The risk isn't that the Fed restarts inflation, the risk is that they create runaway deflation. In 1980, Volcker had 19% of Fed rate to ease. This Fed has 4.25%. Consider the fact that the 1990, 2000, and 2008 recessions all required 5.5-7% of rate cuts.

In other words, if the Fed woke up to their incipient mistake tomorrow, it would still be too late to bailout markets and the economy. 

On a related note, Burry is ignoring the fact that in 2008 the CPI collapsed 7 percentage points WHILE the Fed was easing. It actually went negative. 7% is an interesting number because it happens to be the current CPI.

In summary, the only REAL question is, how much does the Fed have to crush the Nasdaq and the housing market in order to collapse CPI. And then once they find that out the hard way, they can jump in their time machine and go back one rate hike.

That is the bull case in a nutshell. 



.... Mark On Macro And Tesla

Before I continue, I want to clearly state that the chance of this fund’s 2023 performance being anywhere near that of 2022’s is roughly equal to the chance of Elon Musk offering me a board seat at Tesla. (For the record, I would not accept such an offer as I don’t want to go to jail!) Okay, now that that’s out of the way…

Tesla’s inevitable meltdown (alright, so I was a mere eight years too early!) was a big contributor to this year’s performance (and we remain short it, as I believe it has another 90% to go), as were our other short positions in the S&P 500 (via SPY) and, early in the year, the garbage-stock ETF ARKK (which I covered way too early, leaving lots of additional profit on the table). 

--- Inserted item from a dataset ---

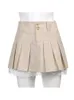 Sweetown Korean Fashion Khaki krótka spódnica koronkowe wykończenie urocze plisowane spódnice damskie styl preppy guziki wysoką talię lato 220711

.... Meanwhile, we continue to carry a large SPY short position, as I believe the major indexes—although not all individual stocks—have considerably more downside to go, the inevitable hangover from the biggest asset bubble in U.S. history. Stated simply, there’s no way an “everything bubble” built on 0% interest rates and $120 billion/month in quantitative easing can not implode when confronted with near-5% rates and $90 billion a month in quantitative tightening.